WASHINGTON – Ten years ago when the National Animal Germplasm Program (N.A.G.P.) first opened for business, it started out with genetic material from 40 lines of chicken. Today, the Agricultural Research Service (A.R.S.)-operated center in Fort Collins, Colo., has grown into one of the largest repositories of its kind in the world, housing more than half-million genetic samples from 12,000 animals, writes Chris Guy of the A.R.S.

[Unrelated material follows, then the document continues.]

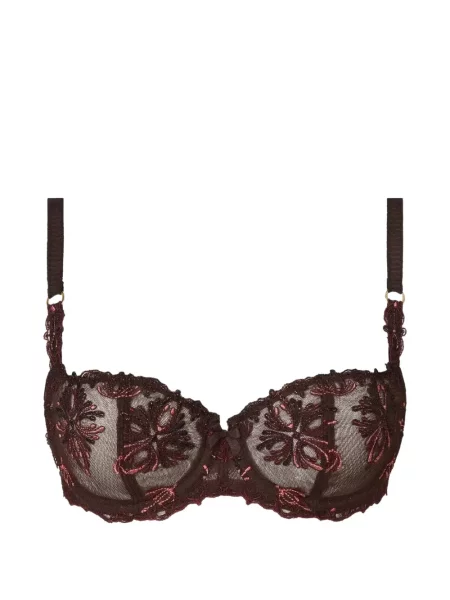 Sutien Chantelle plasă maro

Harvey Blackburn, animal geneticist and N.A.G.P. coordinator, said this collection of germplasm assures genetic diversity of agriculturally significant animals, such as dairy and beef cattle, chicken, sheep and swine, in addition to bison, elk and fish. Among the animal germplasm Mr. Blackburn has added to the A.R.S. collections is that from Shorthorn cattle.

For Mr. Blackburn and other N.A.G.P. specialists, providing vital genetic material for scientific research has become a primary function. They distribute animal samples to university researchers, private laboratories and others who work to improve the genetic makeup of animals.

Genetic material has been used to restore breeds of cattle and other animals that had died out. Researchers insist that maintaining diversity by preserving germplasm—even if the material comes from breeds that aren't currently being studied—acts as an insurance policy against future diseases or other threats.

In Michigan, researchers worked with D.N.A.-based technology to develop 40 distinct lines of chickens at the Avian Disease and Oncology Laboratory (A.D.O.L.) in East Lansing. Those studies have revealed tools and techniques to find sources of genetic resistance to diseases such as virus-induced tumors.